November 05, 2020

Oxford COVID-19 vaccine results due next month, raising hopes of 2021 rollout

Unclear if vaccine will be rolled out before Christmas 

UK expects Oxford, Pfizer data in early December

The University of Oxford hopes to present late-stage trial results on its COVID-19 vaccine

candidate this year, raising hopes that Britain could start to roll out a successful vaccine in late

December or early 2021.

A vaccine that works is seen as a game-changer in the battle against the coronavirus, which has

killed more than 1.2 million people worldwide, shuttered swathes of the global economy and

turned normal life upside down for billions of people.

"I'm optimistic that we could reach that point before the end of this year," Oxford Vaccine Trial

Chief Investigator Andrew Pollard told British lawmakers of presenting trial results this year.

Pollard said working out whether or not the vaccine worked would likely come this year, after

which the data would have to be carefully reviewed by regulators and then a political decision

made on who should get the vaccine.

"Our bit - we are getting closer to but we are not there yet," Pollard, director of the Oxford

Vaccine Group, said.

Asked if he expected the vaccine would start to be deployed before Christmas, he said: "There

is a small chance of that being possible but I just don't know."

The Oxford/AstraZeneca vaccine is expected to be one of the first from big pharma to be

submitted for regulatory approval, along with Pfizer and BioNTech's candidate.

"If I put on my rose-tinted specs, I would hope that we will see positive interim data from both

Oxford and from Pfizer/BioNTech in early December and if we get that then I think we have

got the possibility of deploying by the year end," Kate Bingham, the chair of the UK Vaccine

Taskforce, told lawmakers.

Prime Minister Boris Johnson said there was the prospect of a vaccine in the first quarter of

2021.

‘Game changer’

Work began on the Oxford vaccine in January.
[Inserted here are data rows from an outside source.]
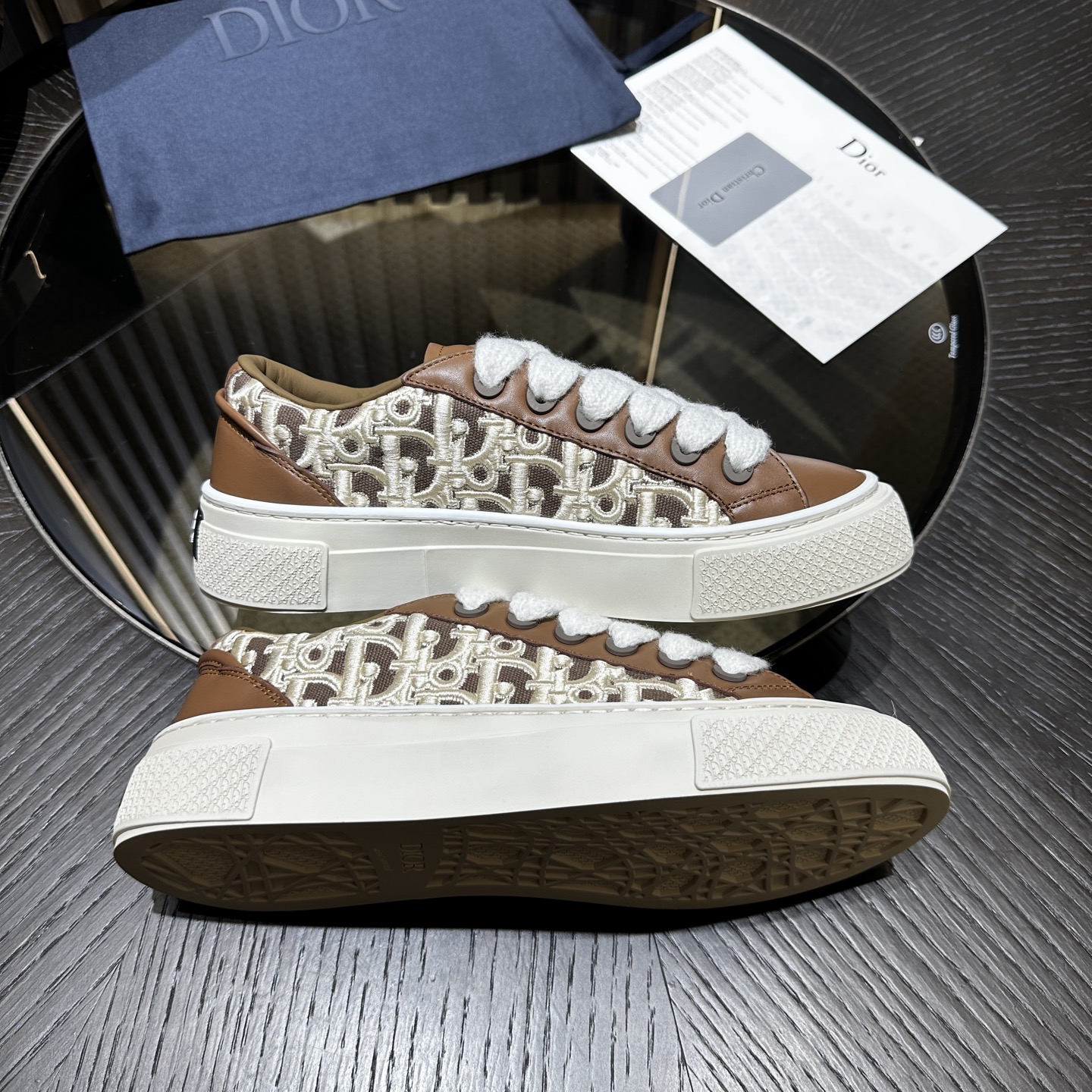 DIOR B33 SNEAKER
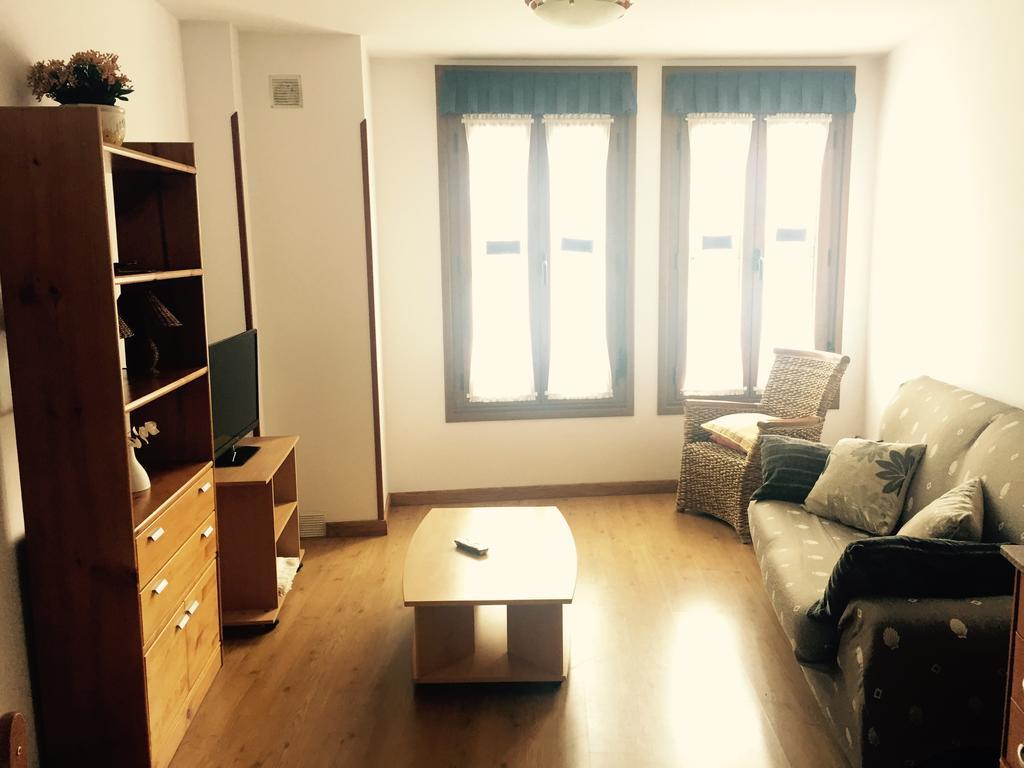 Apartamentos San Pelayo Cangas de Onis Ruang foto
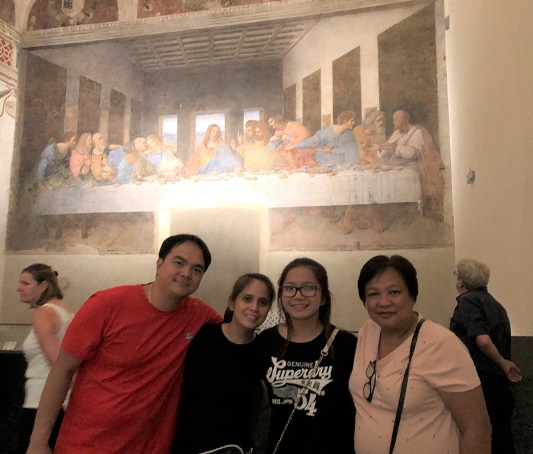 Ana and her family before the original mural painting of ‘The Last Supper’ by Leonardo Da Vinci in Milan.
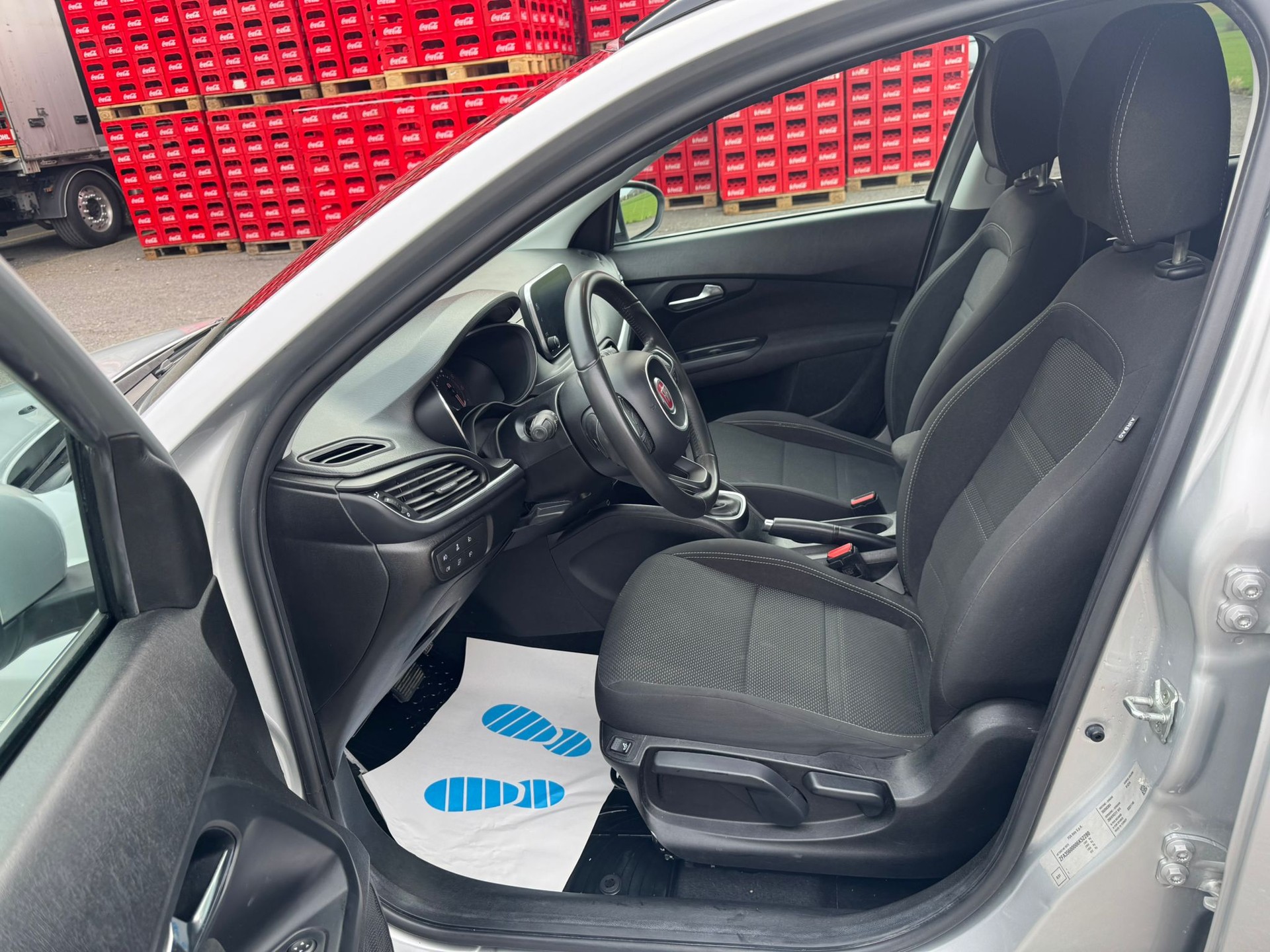 FIAT Tipo 1.6MJ Station Wagon Lounge DCT-image-9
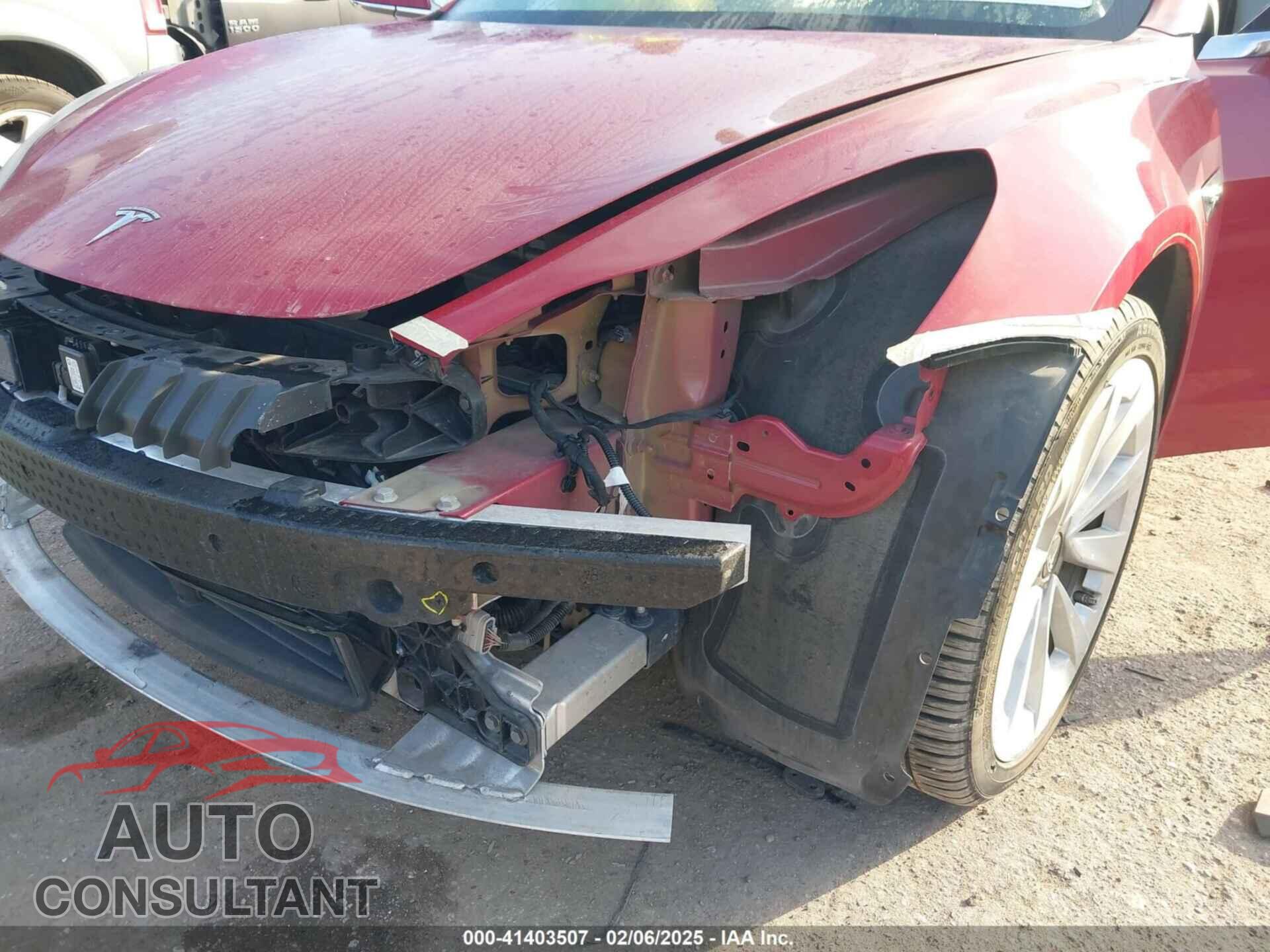 TESLA MODEL 3 2018 - 5YJ3E1EA8JF047298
Called AZD1222, or ChAdOx1 nCoV-19, the

viral vector vaccine is made from a weakened version of a common cold virus that causes

infections in chimpanzees.

The chimpanzee cold virus has been genetically changed to include the genetic sequence of the

so-called spike protein which the coronavirus uses to gain entry to human cells. The hope is

that the human body will then attack the novel coronavirus if it sees it again.

If Oxford's vaccine works, it would eventually allow the world to return to some measure of

normality after the tumult of the pandemic.
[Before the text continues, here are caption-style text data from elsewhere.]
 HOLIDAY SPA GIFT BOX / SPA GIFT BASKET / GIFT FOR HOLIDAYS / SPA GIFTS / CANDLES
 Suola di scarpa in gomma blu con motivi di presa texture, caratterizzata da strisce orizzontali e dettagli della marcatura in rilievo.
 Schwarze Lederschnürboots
Asked what success looked like, he said: "I think good is having vaccines that have significant

efficacy - so whether, I mean, that is 50, 60, 70, 80 per cent, whatever the figure is - is an

enormous achievement.

"It means from a health system point of view, there are fewer people with COVID going into

hospital, that people who develop cancer can have their operations of chemotherapy – it’s a

complete game changer and a success if we meet those efficacy end points."

But Pollard, one of the world's top experts on immunology, said the world might not return to

normal immediately.

"...It takes time to roll out vaccines. Not everyone will take them," he said. "We will still have

people getting this virus because it is just too good at transmitting.